Event driven automation with Prometheus

Over the last few years, I have migrated my entire monitoring on Prometheus (plus Thanos). The automation code for triggering actions across my servers and network devices remains custom per project. I wanted to solve a long pending problem for home internet setup. It was to detect and act when there’s packet loss. In the past, I did that using a custom script which would test and call the REST API of the home router (Mikrotik) to make the change. It was ugly, took a while to put in place and honestly, I found it too hard to maintain. It was doing its monitoring & alerting besides Prometheus and Blackbox exporter running on the same hardware.



Prometheus + Blacbox Exporter + Alert Manager + Ansible Semaphore + Ansible Playbook

Over the weekend I deployed a rather simple system. A promql rule to check for an average of packet loss across different networks and upon detection it sends it to Alert Manager with a custom label “semaphore”.

Alertmanager has a custom receiver that points to a webhook endpoint of Ansible Semaphore. It simply calls that endpoint which triggers some rules of a pre-defined ansible playbook.

Ansible Playbook uses community.routeros.api_find_and_modify and enables certain rules in address list. The goal here is not to have Ansible write the whole config but simply flip IPs in the address list on/off to trigger a change in routing via policy-based routing.


Prometheus alert rule

- alert: Packet loss on primary ISP, ISP auto switch
  expr: avg(min_over_time(probe_success{location="rtk",job="blacbox-isp1"}[1h])) <= 0.98
  for: 1m
  labels:
    severity: warning
    type: semaphore

The expr here is simply looking at an average of minimum packet loss throughout 1hr and if it’s higher than 2% rule is triggered.


Why a minimum of 1hr?

Well, it’s because of limitation that the alert manager can delay triggering of a rule (using “for”) but it cannot delay sending of “resolved”. Hence if I look at the 5-minute average and trigger the change, the rollback can happen too quickly. I want to delay rollback by an hour once there is no packet loss. So min_over_time is looking at a minimum only (not averaging it) and the of that is simply averaging all these IPs which are essentially Google, Cloudflare, Contabo, AWS and a bunch of other nodes. IPs here are selected to ensure they are distributed so that I can detect cases when there is selective packet loss on some long-haul path.

Here’s how the alert-manager config looks like:

routes:  
  - match:
      type: semaphore
    continue: true
    receiver: semaphore

receivers:
  - name: 'semaphore'
    webhook_configs:
      - url: 'https://semaphore-wekhook-endpoint'  # Switch to ISP 2 when called
        send_resolved: true

Logic for rollback

I wanted the system to roll back automatically.

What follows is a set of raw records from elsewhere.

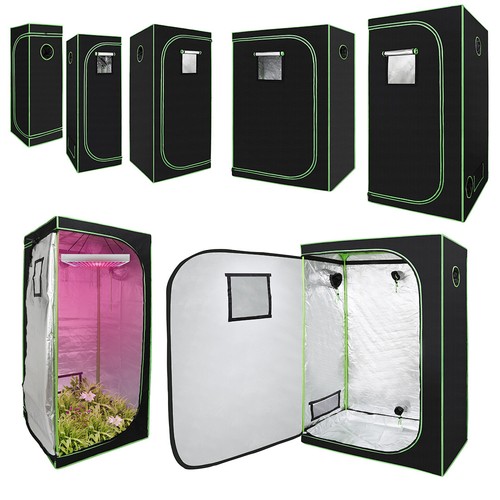 Growbox serra piante growzelt - growbox,
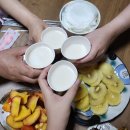 한반도펜션 | [양구 숙소] 시고르 경양식 촬영 장소 &#39;한반도 황토펜션&#39; 목련방 후기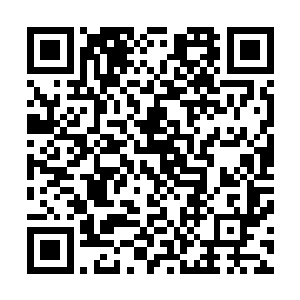 想必是影狼兽有什么特殊的手段将地上的影子吸附到身体内二维码生成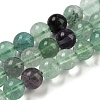 Natural Rainbow Fluorite Bead Strands G-P255-01-8mm-2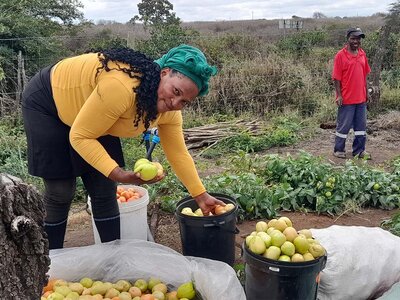 Photo: WFP A farmer is taking fruits out of the buckets in a field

With the above rule system keeps an eye on packet loss and once packet loss has comes below the level of 2% for an hour (minimum over time…), it will trigger a send_resolved on the same endpoint. Alert Manager by design sends a JSON payload in the webhook which looks like this:

{
 "status": "firing",
 "labels": {
 "alertname": "Packet loss on primary ISP, ISP auto switch",
 "severity": "warning",
 "type": "semaphore",
}

In the same way, when the issue is resolved, it sends status: “resolved”. Ansible Semaphore webhooks can be configured to receive this status and put in a variable, and same variable can be used in the ansible task.

Thus I am learning the status as variable “status”. This is passed along to the playbook.


Ansible playbook sample:

- name: Move production LAN to ISP 2
  community.routeros.api_find_and_modify:
    hostname: "{{ hostname }}"         
    username: "{{ username }}"    
    password: "{{ password }}"
    path: ip firewall address-list
    find:
      .id: "*7D" 
    values:   
      disabled: "no"
  when: status == "firing"


- name: Move production LAN back to ISP 1
  community.routeros.api_find_and_modify:
    hostname: "{{ hostname }}"         
    username: "{{ username }}"    
    password: "{{ password }}"
    path: ip firewall address-list
    find:
      .id: "*7D" 
    values:   
      disabled: "yes"
  when: status == "resolved"

Overall it would be nice to have webhook trigger not mapped to specific playbook but playbook is also passed in JSON payload. That would help in keeping single endpoint/receiver for these actions. Hopefully this should take care of moving traffic and keeping the network smooth. 😀